When you think of glazing you might just think “single”, “double”, and “triple” – but there’s much more to window technology than the number of panes.

Here’s a rundown of the most common types of glazing you’ll find used in windows today.

What is Annealed Glass?

Annealed glass is slowly-cooled after first being formed.  It’s left to rest at a temperature where it becomes too hard to manipulate, but soft enough for any stress points to melt away.  This steady, consistent temperature at the earliest stage helps the glass resist shattering and mechanical shock during installation.  Annealed glass is a commonplace, inexpensive and tough material, but it isn’t quite as durable as tempered glass.

What is Tempered Glass?

Tempered glass undergoes a final stage of heating to make it even stronger.  While annealed glass might shatter into large, jagged fragments should it break, tempered glass will instead shatter into tiny pieces.  As such, it can be safely used in tabletops and flooring without fear of serious injury should it break.  It’s also commonly used in public facilities such as bus stops.

What is Safety Glass?

Safety glass reinforces each pane with a thin layer of tough plastic, like polyurethane.  This holds the glass aloft so that even if it does break, it won’t fall to the floor.

What is Low-E glass?

Low-E glass (or low-emissivity glass) reflects far more heat than ordinary glass.  As such, low-E glass is a sensible choice for homeowners looking to control the interior temperature of their property.  It’s coated in a microscopically-thin layer of metal that bounce the sun’s rays back the way they came.  Low-E glass comes in two types:  passive, which is built to keep heat in during winter, and solar-control, which keeps heat out during the warmer months.  Low-E double-glazed windows tend to incorporate a combination of the two.

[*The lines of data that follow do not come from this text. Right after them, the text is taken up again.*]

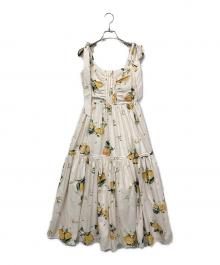 HER LIP TO（ハーリップトゥ）の古着「Capri Lemon Print Dress」｜ホワイト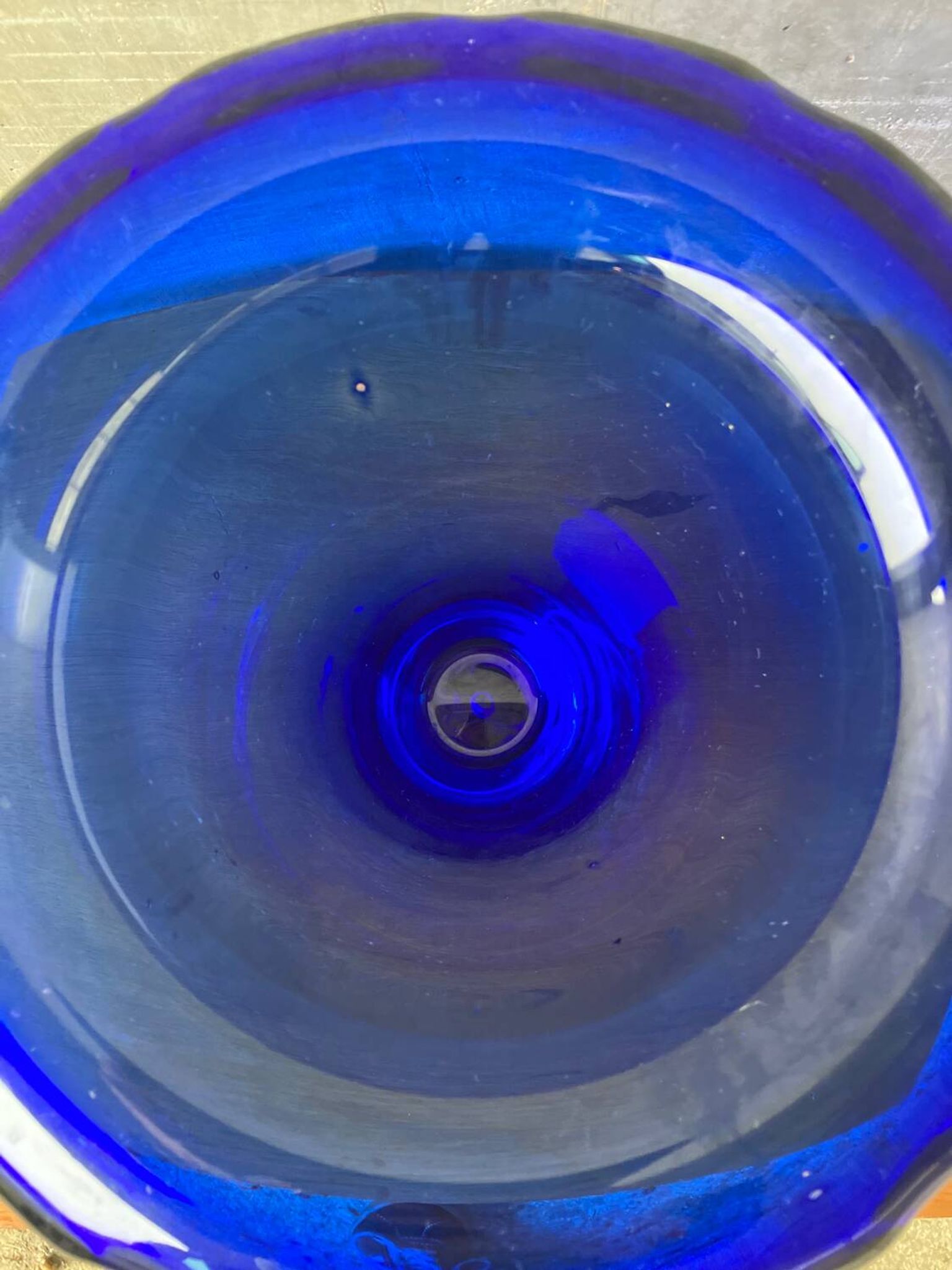 Large blue Murano glass vase 1960s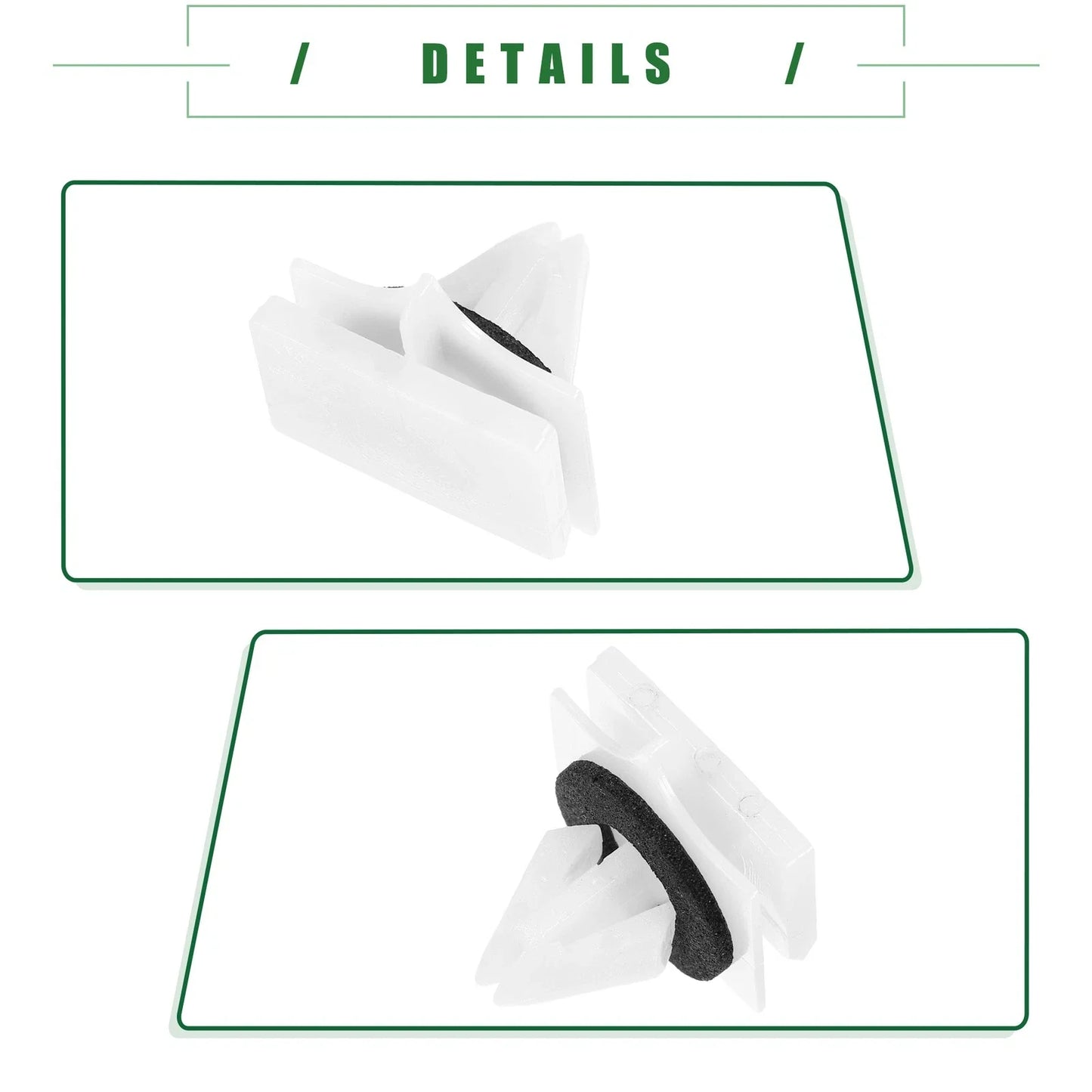 40 x Rocker Panel Clips for Chevrolet Avalanche (2007-2013)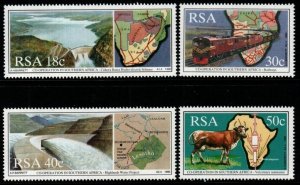 SOUTH AFRICA SG700/3 1990 CO-OPERATION IN SOUTH AFRICA MNH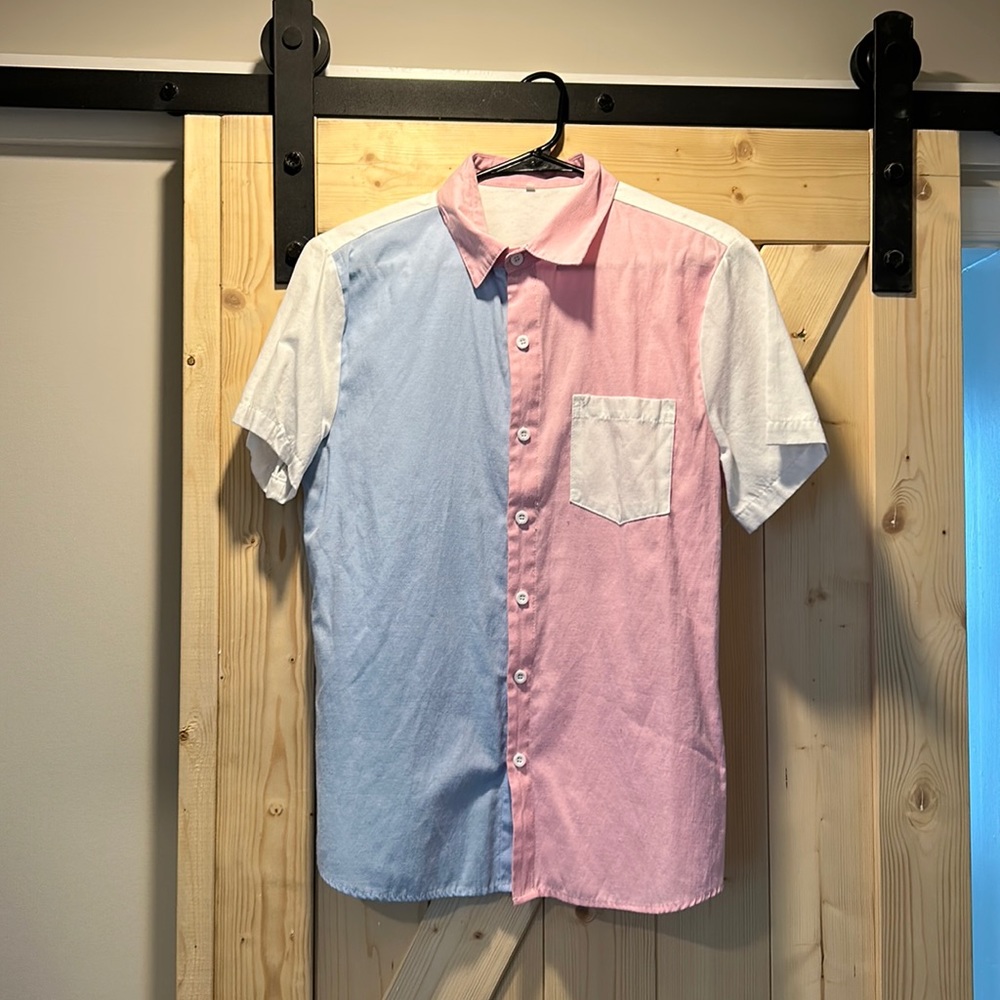 Blue and Pink dress shirt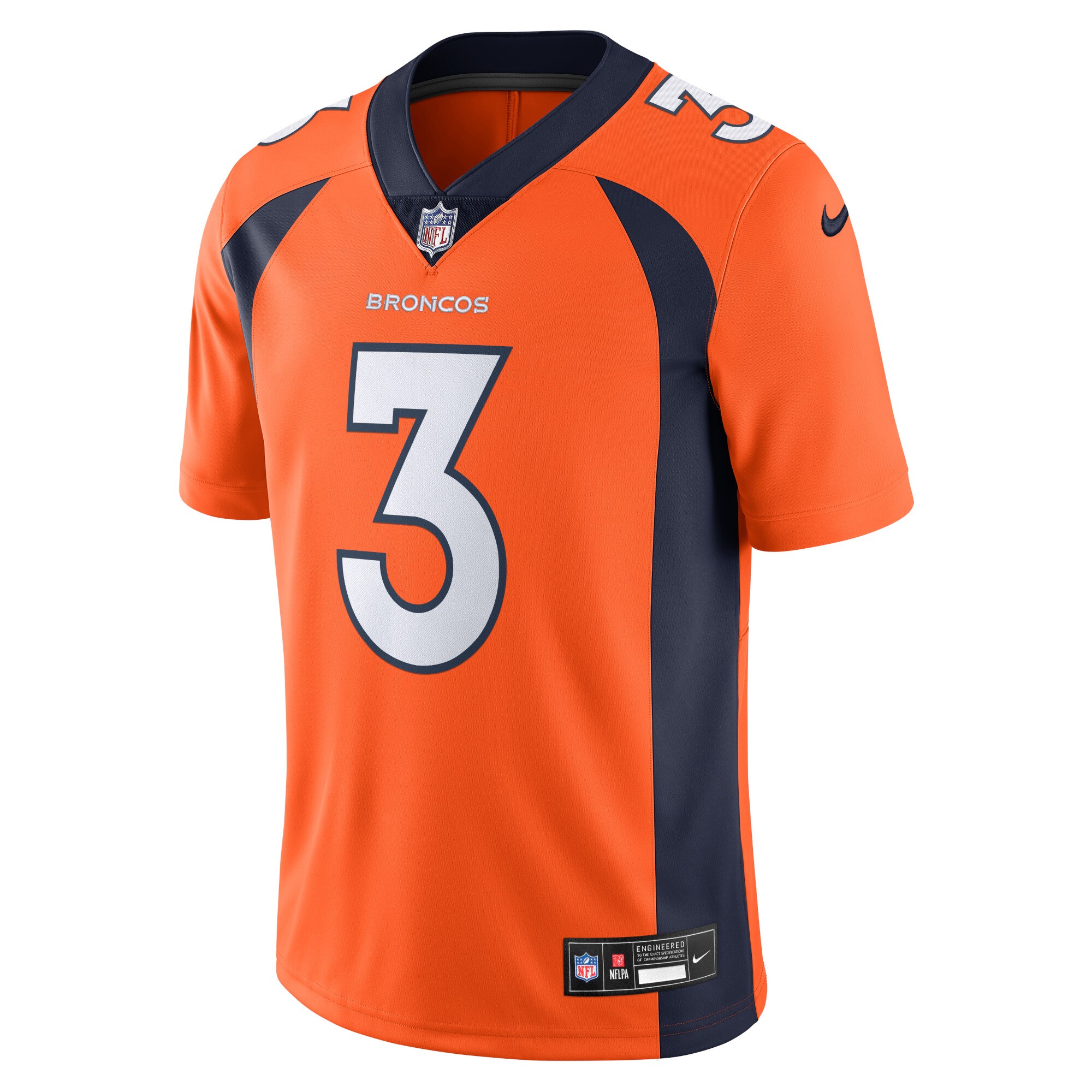 Denver Broncos Russell Wilson Orange Vapor Untouchable Limited NFL Jersey Men's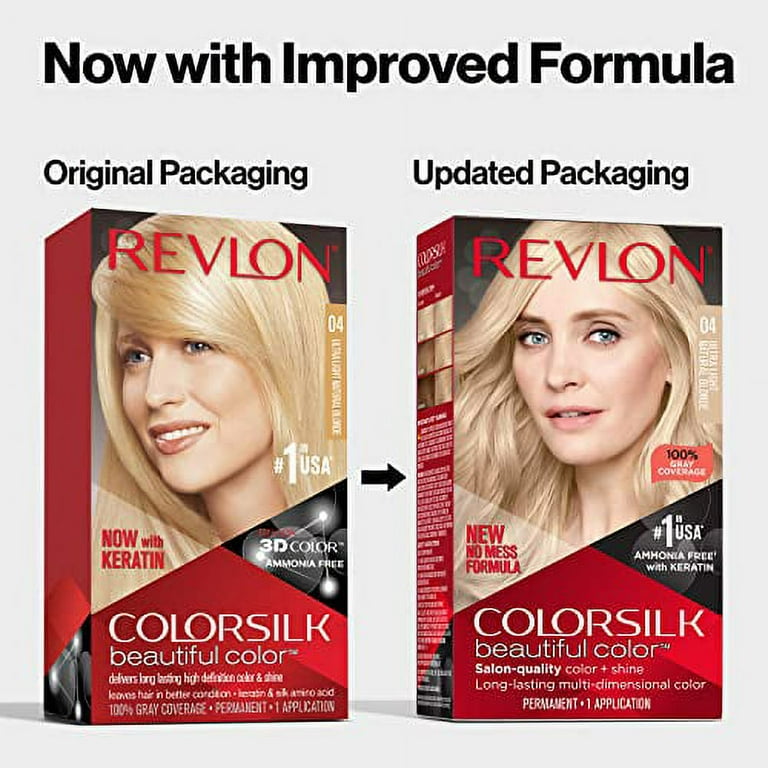 Revlon Color Silk Hair Color Ultra Light Natural Blonde 04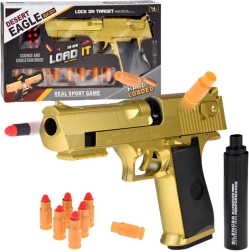 Desert Eagle auriu cu amortizor pentru joacă
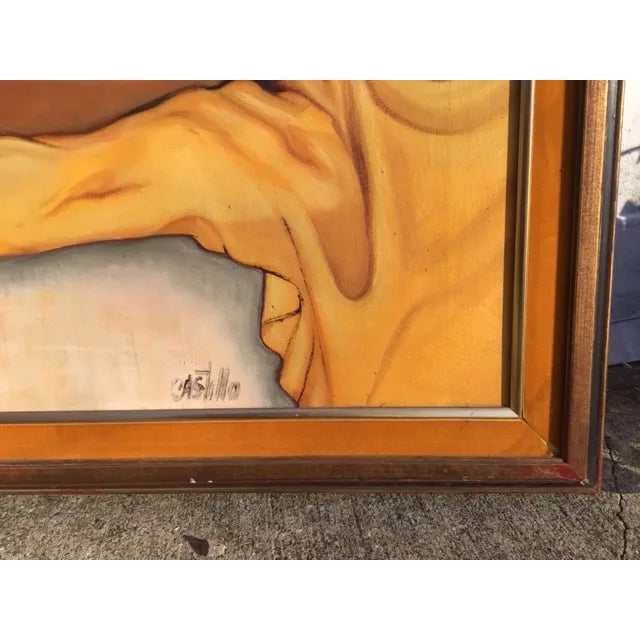 Nude Modern Figurative Oil Painting Canvas Signed Castillo For Sale In Cleveland - Image 6 of 11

As an added benefit, low-E glass will also prevent a majority of ultraviolet rays from entering the building, which will protect upholstery and carpets from fading.

What is Frosted Glass?

Frosted glass is covered in tiny bumps which effectively diffuse light rays.  This means specific objects can’t be seen through the glass, although light will still shine through.  This effect can either be created at factory level by blasting each panel with high-velocity grit, or in-situ, by spraying a special substance directly onto the window.

What is Self-Cleaning Glass?

The idea of glass that cleans itself might seem like something out of science fiction, but the technology has actually been around for more than a decade.  It works via a coating of titanium dioxide, which is used in a range of unusual places – from white paint and food colouring to suntan lotion.  When it’s placed on windows, it’ll respond to sunlight by transforming surrounding water molecules into hydroxl radicals, which will break down any surrounding organic matter (like the microscopic gunk from which dirt is made).  Once broken down, these tiny quantities of dirt are easily washed away by rainwater.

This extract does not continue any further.